フィアット500Cデュアロジック修理
「調子は良いです」とのコメントを信じ、某ネットオークションにて購入されたという500C。
いざ届いてみると、ギア抜けが頻発しまともに乗ることができないとのことで、他の部分の点検も含め弊社に入庫。
遠方の為、陸送会社にて500Cが届いたので、工場内に入れようと動かしたところ・・・、
突然のデュアロジックオイルがジャジャ漏れ。
確認すると、ポテンショメータ付近より漏れている様です。
デュアロジックは2階建て構造になっており、デュアロジックオイルは2階部分に入っています。ポテンショメータは1階部分に付いています。
簡単に言うと・・・、2階の床が抜けてオイルが1階に流れ込み、1階の弱い所から外部に漏れてしまった様です。
(程度の大小はありますが、ポテンショメータ付近からの漏れは比較的良くある症状です。軽微な漏れは、漏れ止め添加剤で止まることが多いです)
また、ギアが入る瞬間も「ガリッ!」と嫌な音がしていた為、オイルを補充しデュアロジックのキャリブレーションとクラッチの調整を行ってみるもエラーが出てしまい実行できない状況。

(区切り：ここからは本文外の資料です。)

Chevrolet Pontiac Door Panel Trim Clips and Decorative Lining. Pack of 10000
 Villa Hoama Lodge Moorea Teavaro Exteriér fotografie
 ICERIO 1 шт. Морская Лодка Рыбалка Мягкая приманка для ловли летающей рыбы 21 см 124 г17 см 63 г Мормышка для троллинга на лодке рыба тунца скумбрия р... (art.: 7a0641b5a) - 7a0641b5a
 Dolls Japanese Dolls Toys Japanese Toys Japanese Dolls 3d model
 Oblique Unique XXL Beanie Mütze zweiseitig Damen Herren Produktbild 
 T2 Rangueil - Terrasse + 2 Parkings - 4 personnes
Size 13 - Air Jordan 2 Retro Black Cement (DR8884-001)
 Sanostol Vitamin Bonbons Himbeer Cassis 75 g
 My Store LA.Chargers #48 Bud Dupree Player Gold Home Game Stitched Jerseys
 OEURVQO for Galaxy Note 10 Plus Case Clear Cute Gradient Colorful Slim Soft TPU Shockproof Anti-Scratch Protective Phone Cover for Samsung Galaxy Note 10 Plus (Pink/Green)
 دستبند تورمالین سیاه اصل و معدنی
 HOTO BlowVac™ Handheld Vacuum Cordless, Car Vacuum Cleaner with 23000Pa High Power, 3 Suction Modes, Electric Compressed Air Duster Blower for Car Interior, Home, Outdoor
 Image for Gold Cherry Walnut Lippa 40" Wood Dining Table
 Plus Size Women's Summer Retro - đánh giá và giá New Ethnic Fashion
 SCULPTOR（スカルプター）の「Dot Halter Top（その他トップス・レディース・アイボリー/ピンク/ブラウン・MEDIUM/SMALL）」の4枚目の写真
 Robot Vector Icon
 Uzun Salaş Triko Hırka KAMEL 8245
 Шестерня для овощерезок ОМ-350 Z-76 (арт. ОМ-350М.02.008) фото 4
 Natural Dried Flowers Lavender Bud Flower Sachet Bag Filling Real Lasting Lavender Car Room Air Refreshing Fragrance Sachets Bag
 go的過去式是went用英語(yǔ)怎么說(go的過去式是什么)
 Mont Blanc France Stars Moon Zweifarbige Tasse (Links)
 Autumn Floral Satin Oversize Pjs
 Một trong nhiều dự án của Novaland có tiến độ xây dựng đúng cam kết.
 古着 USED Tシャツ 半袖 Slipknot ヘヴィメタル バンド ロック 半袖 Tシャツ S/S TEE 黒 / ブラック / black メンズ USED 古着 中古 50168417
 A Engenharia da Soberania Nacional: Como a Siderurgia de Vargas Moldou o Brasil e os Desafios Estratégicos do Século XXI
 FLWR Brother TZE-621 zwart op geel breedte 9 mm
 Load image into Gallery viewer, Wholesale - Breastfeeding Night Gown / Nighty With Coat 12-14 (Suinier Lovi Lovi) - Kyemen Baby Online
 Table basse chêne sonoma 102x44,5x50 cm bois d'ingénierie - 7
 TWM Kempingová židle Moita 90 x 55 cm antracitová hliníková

診断機で各数値を確認してみると、クラッチが切れている状態にもかかわらずミッションのシャフト(Clutch RPM)が回ってしまっています。実際はクラッチが完全に切れていない様です。
クラッチ各部の数値も少しおかしい様です。
下の動画は、「N」→「R」→「N」とシフトしています。
「N」ではクラッチが切れているにもかかわらず、ミッションインプットシャフト(Clutch RPM)が回転しています(なんらかの原因によりクラッチが完全に切れていない)。 その為、ギアが入る瞬間に大きな異音が出ています。
(ギアが入るとタイヤは地面に着地している為、0RPMになっていますが、クラッチが切れきれていない為、車は進みたがっています)
ちなみに正常な車両はこのような感じです。
「N」→「R」→「N」とシフトしています。
完全にクラッチが切れているので、ニュートラルでもギアが入ってもミッションのシャフトは0RPMです。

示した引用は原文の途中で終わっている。